But here one of their favorite rules is to just let the GM decide whatever they want, sans rules.

Is this because it's an entirely different game with a different aesthetic, or is because it's the GM, not the player, making arbitrary decisions? Or because healing is just that much different from, say, persuasion?
In any RPG where the GM gets to decide pacing - which is many if not most of them, at least since the early 1980s - and which don't have "downtime" rules, then specifying healing times doesn't really do anything but introduce complexity around how the GM narrates the passage of time and recovery of injuries.

(Downtime rules make a difference, because then healing times become, in effect, a penalty/debuff to downtime.)

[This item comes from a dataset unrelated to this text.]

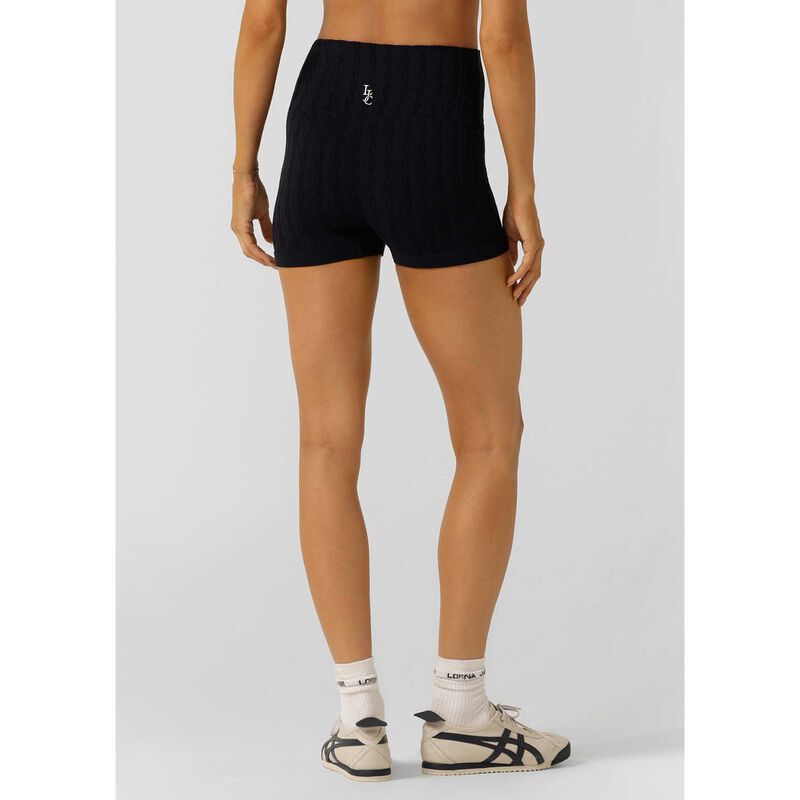 Lorna Jane Cable Seamless Bike Shorts image number 1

The Prince Valiant rules take away all that complexity and just invite the GM to narrate stuff. The GM - via their control of pacing - gets to decide whether and to what extent the consequences of one scene are carried through into a future scene, without having to also worry about not contradicting minutiae of healing rate rules.
 

For people who are interested in realism or simulationism, these more free-form rules can feel more true to reality. Even systems with fairly complex healing and recovery rules can't fully model the chaotic nature of how bodies respond to injury and heal from it. Sometimes wounds linger and take a long time to heal. Sometimes there are weird psychological issues at play. Sometimes you're back on your feet in a jiffy.

GURPS is my system of choice, and it includes many optional subsystems to add layers of complexity to the healing rules. I typically ignore them unless I'm specifically aiming for a gritty "dungeon crawl" dynamic featuring mechanically predictable resource management. In most of my campaigns, I follow a system closer to what you've described from Prince Valiant.